Report on Other Legal and Regulatory Requirements

9. As required by the Companies (Auditor''s Report) Order, 2016 (“the Order”) and issued by the Central Government of India in terms of sub-section 11 of Section 143 of the Act, we give in the Annexure A, a statement on the matters specified in paragraphs 3 and 4 of the said Order, to the extent applicable.

10. As required by Section 143(3) of the Act, we report that:

(a) we have sought and obtained all the information and explanations which to the best of our knowledge and belief were necessary for the purposes of our audit;

(b) in our opinion proper books of account as required by law have been kept by the Company so far as it appears from our examination of those books;

(c) the Balance Sheet, the Statement of Profit and Loss (including Other Comprehensive Income), the Cash Flow Statement and Statement of Changes in Equity dealt with by this report are in agreement with the books of account;

(d) in our opinion, the aforesaid Standalone Ind AS financial statements, comply with the Indian Accounting Standards prescribed under Section 133 of the Act;

(e) on the basis of written representations received from the Directors as on 31st March 2018, and taken on record by the Board of Directors, none of the Directors is disqualified as on 31st March 2018, from being appointed as a Director in terms of Section 164 (2) of the Act;

(f) with respect to the adequacy of the internal financial controls with reference to financial statements in place and the operating effectiveness of such controls, refer to our separate report in Annexure B; and

(g) with respect to the other matters to be included in the Auditor''s Report in accordance with Rule 11 of the Companies (Audit and Auditors) Rules, 2014, in our opinion and to the best of our information and according to explanations given to us:

i. the Company has disclosed the impact of pending litigations on its financial position in its financial statements - Refer Note No.43 to the Standalone Ind AS financial statements.

ii. the Company did not have any long term contracts including derivative contracts for which there were any material foreseeable losses.

iii. there were no amounts required to be transferred to the Investor Education and Protection Fund by the Company during the year.

Annexure - A to Independent Auditors'' Report - 31st March 2018 (Referred to in our report of even date)

i. a) The Company has maintained proper records showing full particulars, including quantitative details and situation of fixed assets.

b) As explained to us, these fixed assets have been physically verified by the Management at regular intervals; as informed to us no material discrepancies were noticed on such verification.

c) The title deeds of immovable properties are held in the name of the Company.

ii.
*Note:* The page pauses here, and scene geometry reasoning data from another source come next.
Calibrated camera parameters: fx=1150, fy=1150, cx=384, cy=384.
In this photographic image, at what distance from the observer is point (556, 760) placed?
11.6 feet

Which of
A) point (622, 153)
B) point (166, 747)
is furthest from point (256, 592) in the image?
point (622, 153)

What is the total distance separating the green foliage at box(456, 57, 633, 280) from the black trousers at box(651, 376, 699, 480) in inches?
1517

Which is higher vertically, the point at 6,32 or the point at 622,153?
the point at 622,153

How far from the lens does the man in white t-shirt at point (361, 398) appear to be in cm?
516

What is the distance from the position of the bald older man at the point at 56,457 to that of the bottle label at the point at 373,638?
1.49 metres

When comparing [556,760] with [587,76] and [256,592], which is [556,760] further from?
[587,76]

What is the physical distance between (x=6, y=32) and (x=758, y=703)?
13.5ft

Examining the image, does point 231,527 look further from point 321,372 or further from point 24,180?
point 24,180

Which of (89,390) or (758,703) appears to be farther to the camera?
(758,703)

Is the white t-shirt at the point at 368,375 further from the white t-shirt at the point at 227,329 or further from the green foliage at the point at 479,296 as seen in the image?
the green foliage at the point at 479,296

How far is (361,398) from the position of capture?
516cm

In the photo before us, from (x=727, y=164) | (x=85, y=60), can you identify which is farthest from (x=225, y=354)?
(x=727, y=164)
The Management has conducted physical verification of inventory at reasonable intervals and no material discrepancies were noticed.

iii. According to the information and explanations given to us and on the basis of our examination of the books of account, the Company has not provided any loans, secured or unsecured to companies, firms, limited liability partnerships or other parties covered in the register maintained under Section 189 of the Companies Act, 2013.
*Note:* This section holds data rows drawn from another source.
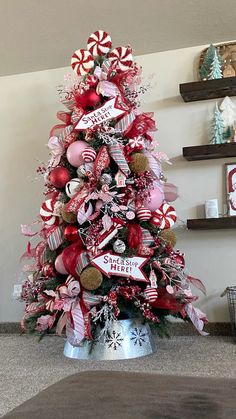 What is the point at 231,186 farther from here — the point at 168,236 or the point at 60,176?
the point at 60,176

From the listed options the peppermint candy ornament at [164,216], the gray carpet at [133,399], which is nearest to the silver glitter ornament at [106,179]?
the peppermint candy ornament at [164,216]

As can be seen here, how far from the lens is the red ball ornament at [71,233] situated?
2.29 metres

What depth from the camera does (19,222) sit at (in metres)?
3.28

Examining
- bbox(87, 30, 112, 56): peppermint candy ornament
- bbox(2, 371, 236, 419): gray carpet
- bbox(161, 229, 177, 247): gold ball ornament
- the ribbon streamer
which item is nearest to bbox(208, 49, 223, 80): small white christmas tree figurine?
bbox(87, 30, 112, 56): peppermint candy ornament

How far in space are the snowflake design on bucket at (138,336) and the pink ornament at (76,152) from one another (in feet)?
2.98

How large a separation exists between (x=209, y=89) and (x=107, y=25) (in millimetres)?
739

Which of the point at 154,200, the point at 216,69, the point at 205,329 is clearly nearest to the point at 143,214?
the point at 154,200

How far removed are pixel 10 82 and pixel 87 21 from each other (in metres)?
0.95

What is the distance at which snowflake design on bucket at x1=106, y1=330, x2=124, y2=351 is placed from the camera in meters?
2.27

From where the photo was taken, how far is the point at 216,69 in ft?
9.38

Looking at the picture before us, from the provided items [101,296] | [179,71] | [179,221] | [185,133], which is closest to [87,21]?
[179,71]

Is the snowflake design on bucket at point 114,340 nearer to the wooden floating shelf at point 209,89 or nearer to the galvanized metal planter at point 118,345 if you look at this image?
the galvanized metal planter at point 118,345

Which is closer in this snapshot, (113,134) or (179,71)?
(113,134)

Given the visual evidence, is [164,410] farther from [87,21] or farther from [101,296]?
[87,21] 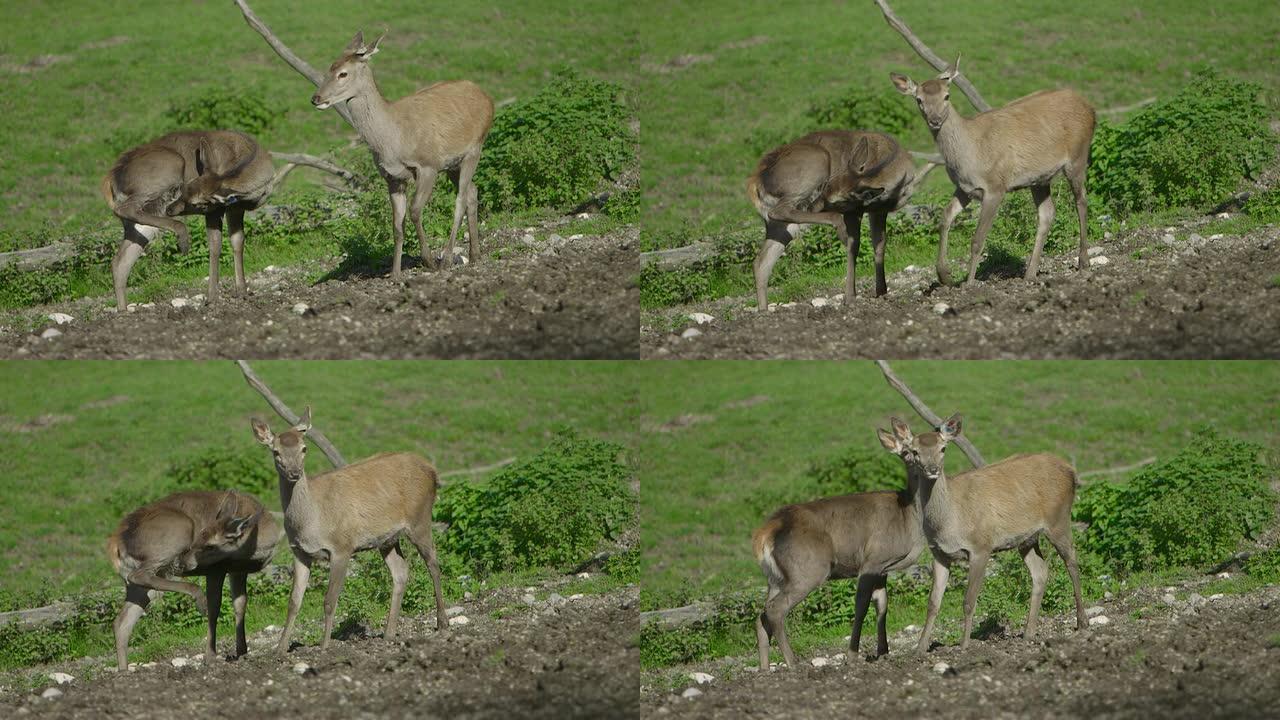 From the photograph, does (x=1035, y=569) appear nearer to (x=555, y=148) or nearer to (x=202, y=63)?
(x=555, y=148)

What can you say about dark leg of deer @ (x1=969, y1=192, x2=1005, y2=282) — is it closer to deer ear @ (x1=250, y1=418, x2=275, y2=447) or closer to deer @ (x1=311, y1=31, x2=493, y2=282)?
deer @ (x1=311, y1=31, x2=493, y2=282)

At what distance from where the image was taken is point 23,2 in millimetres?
30062

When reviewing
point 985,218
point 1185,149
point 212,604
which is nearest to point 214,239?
point 212,604

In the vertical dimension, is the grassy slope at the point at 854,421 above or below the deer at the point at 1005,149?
below

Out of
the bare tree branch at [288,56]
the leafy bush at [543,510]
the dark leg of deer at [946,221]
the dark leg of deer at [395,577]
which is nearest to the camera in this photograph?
the dark leg of deer at [395,577]

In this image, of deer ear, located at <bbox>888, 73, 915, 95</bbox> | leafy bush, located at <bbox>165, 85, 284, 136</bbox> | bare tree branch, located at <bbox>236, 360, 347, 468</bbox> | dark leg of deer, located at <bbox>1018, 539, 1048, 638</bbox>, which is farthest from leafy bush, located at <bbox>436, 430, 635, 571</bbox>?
leafy bush, located at <bbox>165, 85, 284, 136</bbox>

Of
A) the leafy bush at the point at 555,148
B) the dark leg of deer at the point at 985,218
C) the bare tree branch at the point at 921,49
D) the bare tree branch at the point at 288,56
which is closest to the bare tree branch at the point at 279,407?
the bare tree branch at the point at 288,56

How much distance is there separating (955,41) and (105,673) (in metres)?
15.7

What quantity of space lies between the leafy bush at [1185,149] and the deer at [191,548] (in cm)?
1006

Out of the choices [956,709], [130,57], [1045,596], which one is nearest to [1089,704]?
[956,709]

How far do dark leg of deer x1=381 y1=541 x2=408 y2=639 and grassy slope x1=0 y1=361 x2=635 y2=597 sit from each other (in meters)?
4.94

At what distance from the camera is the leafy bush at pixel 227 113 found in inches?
938

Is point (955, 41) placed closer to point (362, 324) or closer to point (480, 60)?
point (480, 60)

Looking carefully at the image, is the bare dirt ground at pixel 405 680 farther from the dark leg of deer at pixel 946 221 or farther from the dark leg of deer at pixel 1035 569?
the dark leg of deer at pixel 946 221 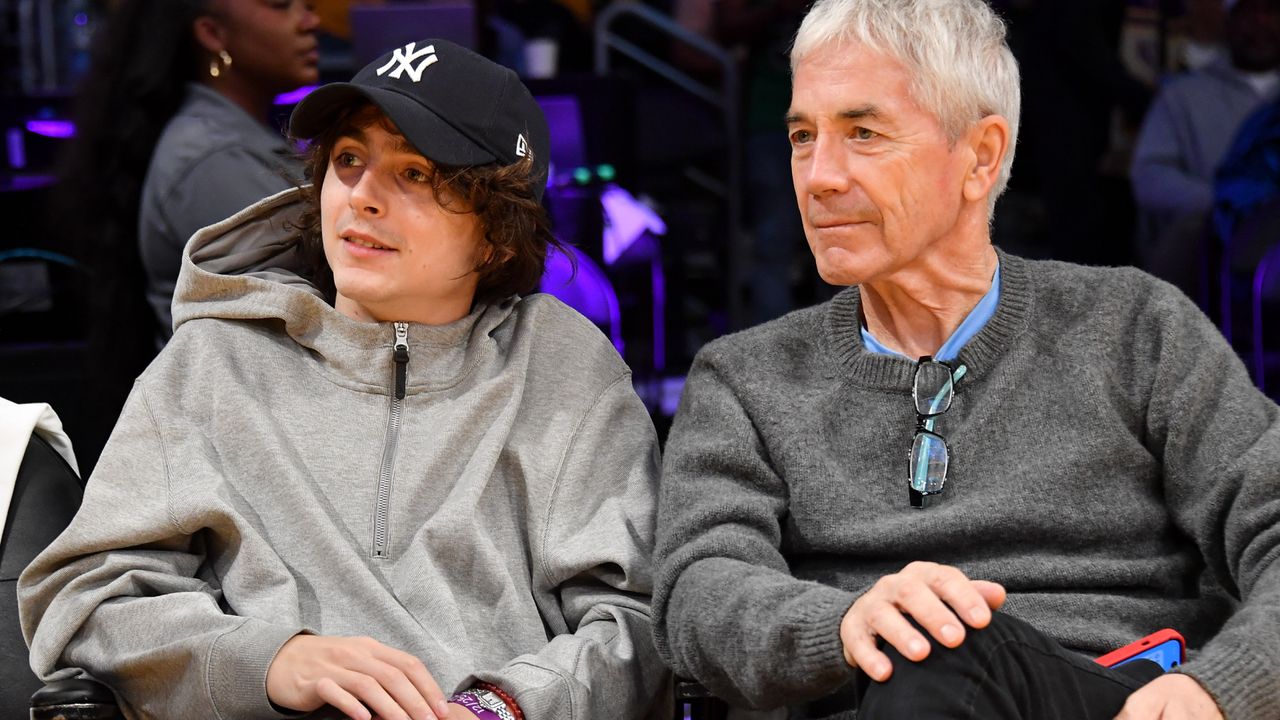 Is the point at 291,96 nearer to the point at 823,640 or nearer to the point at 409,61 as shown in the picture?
the point at 409,61

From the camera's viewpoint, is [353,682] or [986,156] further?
[986,156]

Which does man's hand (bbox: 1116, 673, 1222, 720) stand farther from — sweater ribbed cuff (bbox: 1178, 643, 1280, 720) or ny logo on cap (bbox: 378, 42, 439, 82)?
ny logo on cap (bbox: 378, 42, 439, 82)

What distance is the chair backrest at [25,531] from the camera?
6.98ft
iv. The Company has complied with the provisions of Section 185 and 186 of the Companies Act, 2013 in respect of investments made by the Company. The Company has not provided any loans or guarantee or security to any company covered under Section 185 of the Companies Act, 2013.

v. The Company has not accepted any deposits from public.

vi. On the basis of the records produced to us, we are of the opinion that, prima facie, the cost records prescribed by the Central Government under sub-section (1) of Section 148 of the Companies Act, 2013 have been maintained. However, we have not carried out any detailed examination of such records.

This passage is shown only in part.